В зале был накрыт длинный стол, с блестящим серебром, хрусталем, цветами и фруктами. Обед был роскошен и шел долго; я скучала, томилась и рада была, когда встали из-за стола. Все шумной толпой пошли в гостиную, выходившую в коридор, дверь из двери против залы.
Спустя полчаса в зале раздались звуки органа; мальчик, одетый казачком, наигрывал французскую кадриль. Инженеры бросились приглашать дам. Я заметила, что одного кавалера посылали пригласить меня, а он отговаривался, наконец нехотя подошел ко мне; танцуя, сказал мне несколько слов и завел речь с близ стоявшей дамой.
Наступал вечер.
Комнаты осветились лампами и восковыми свечами {Стеариновых свечей еще не было в то время. (Прим. Т. П. Пассек.)}. Официанты в белых перчатках подавали десерт и чай. В освещенном коридоре встречались горничные в шелковых и раскрахмаленных кисейных платьях, с подобранными под сетку волосами.
Старшие расположились в гостиной: одни сели за карты, другие, разделившись на группы, вели разговоры. Самый оживленный разговор шел там, где находилась Варвара Марковна.

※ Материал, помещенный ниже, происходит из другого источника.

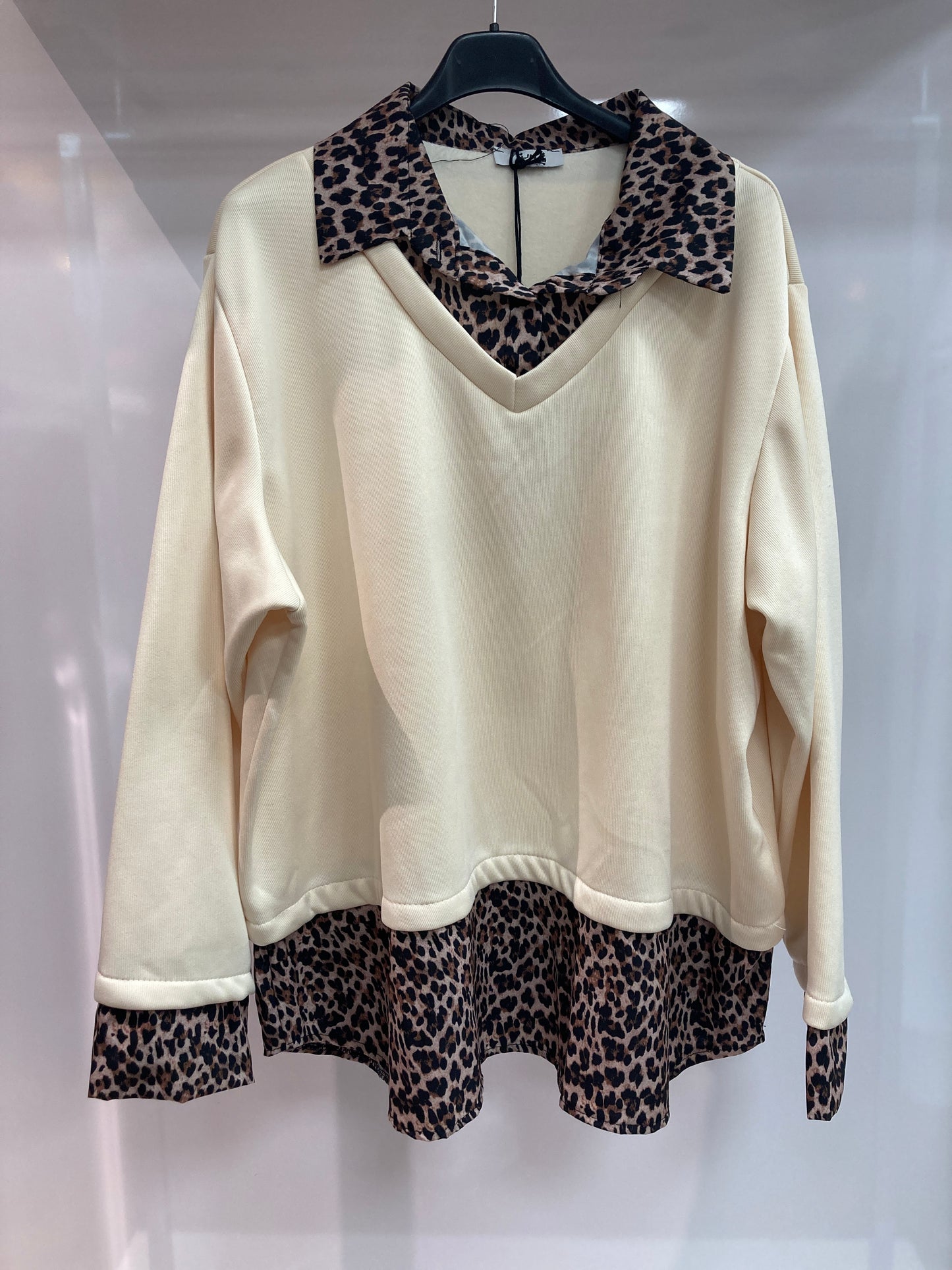 Damen Oberteil mit Leoparden Print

Между тем в раскрытые окна вступила тихая, ясная ночь.
Молодой кружок собрался в летней гостиной.
-- Ах, какая славная ночь! -- сказала Катерина Дмитриевна, стоя в дверях, растворенных в цветник.-- Дети! пойдемте в сад!

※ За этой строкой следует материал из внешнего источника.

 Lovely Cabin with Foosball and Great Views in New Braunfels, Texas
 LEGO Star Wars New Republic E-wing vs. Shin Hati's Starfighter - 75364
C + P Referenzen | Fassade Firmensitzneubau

Живая, игривая толпа высыпала в цветник и притихла, охваченная ароматом цветов и блеском месяца.
Спустя несколько минут все, разговаривая, шеренгой ходили вдоль длинной, широкой аллеи из лип.

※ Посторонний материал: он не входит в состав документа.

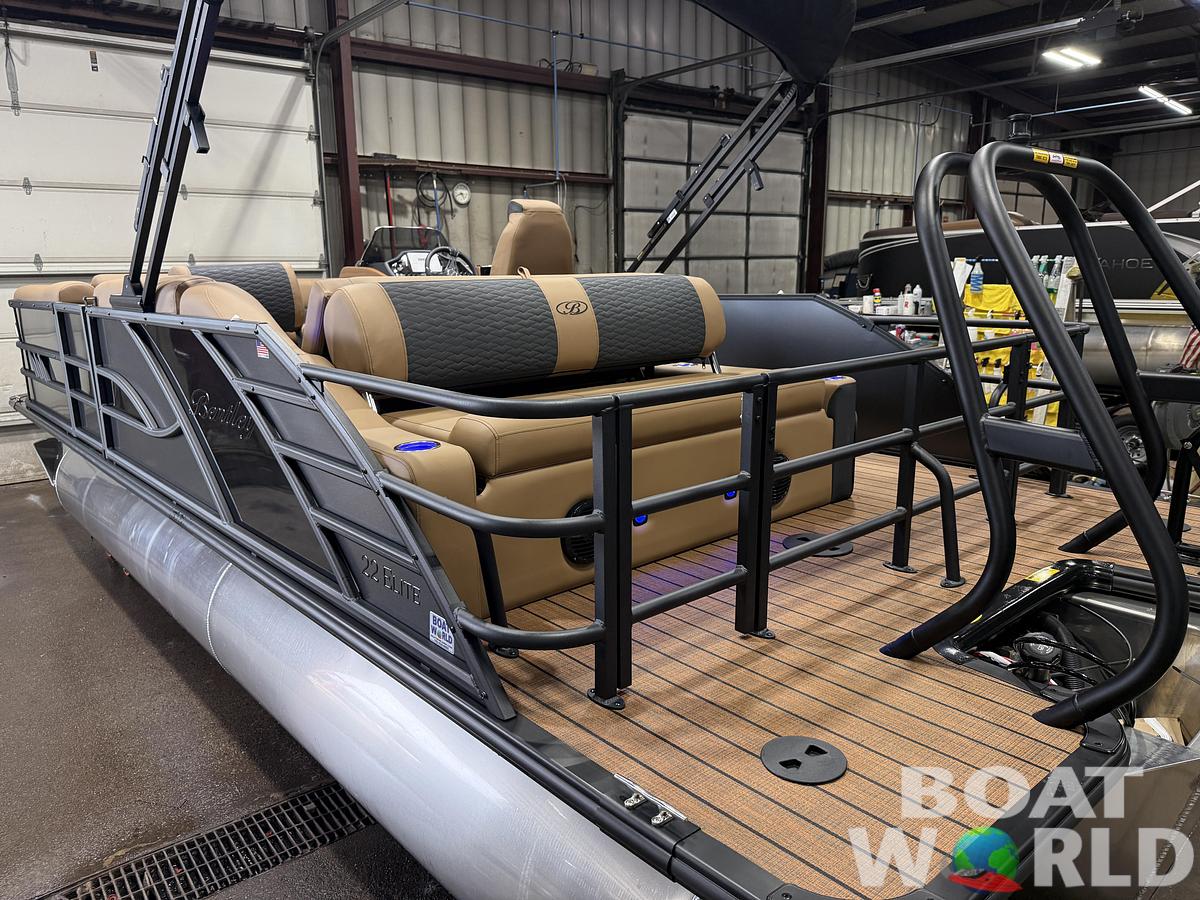 2027 Bentley Elite 223 Lounge Swingback Tritoon $66,995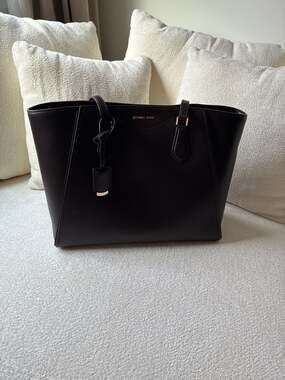 Michael Kors Taryn Large Leather Tote Bag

Катерина Дмитриевна ходила поодаль, под руку с белокурым инженером в штаб-офицерских эполетах. Он был среднего роста, плотен, с приятным веселым лицом, выражавшим открытую, добрую душу. Они разговаривали с жаром вполголоса.
-- Кто это? -- спросила я шедшую рядом со мною молоденькую девушку, указывая на этого инженера.
-- Николай Николаевич Загоскин, -- отвечала она,-- начальник инженерных работ в Подсолнечной.
-- Родственник Варвары Марковны?
-- Да, и брат писателя Загоскина; вам его называли.
-- Право, я всех перемешала, -- я слушала без внимания.
Загоскин и Катерина Дмитриевна долго ходили отдельно, вдруг, как бы опомнившись, что не одни, прервали жаркий разговор и вполголоса стали напевать:
Прекрасный день, счастливый день,
И солнце и любовь,
С ночных полей сбежала тень,
Светлеет сердце вновь.
Вслед за этим романсом, смеясь и как бы приглашая всех к участию, громко запели:
Нет, нет, нет,
Совсем стал не такой,
Как, бывало, холостой,
Как, бывало, холостой.
Речи не веселы, грубы,
Что ни скажет --
Все сквозь зубы.
Нет, нет, нет,
Совсем стал не такой,
Как, бывало, холостой,
Как, бывало, холостой.
Мгновенно несколько свежих, молодых голосов подхватили живую песню, и все слилось в куда-то уносящий душу хор. Под эти игривые звуки чувство одиночества до того тяжело овладело мною, что я только и думала, как бы поскорее уехать в Нагорное, где мне легко жилось.
Мы уехали после ужина.
Мне показалось, что я очнулась от роскошного, но гнетущего сна, и отдохнула в коляске среди тишины полей и перелесков, облитых голубоватым светом полной луны.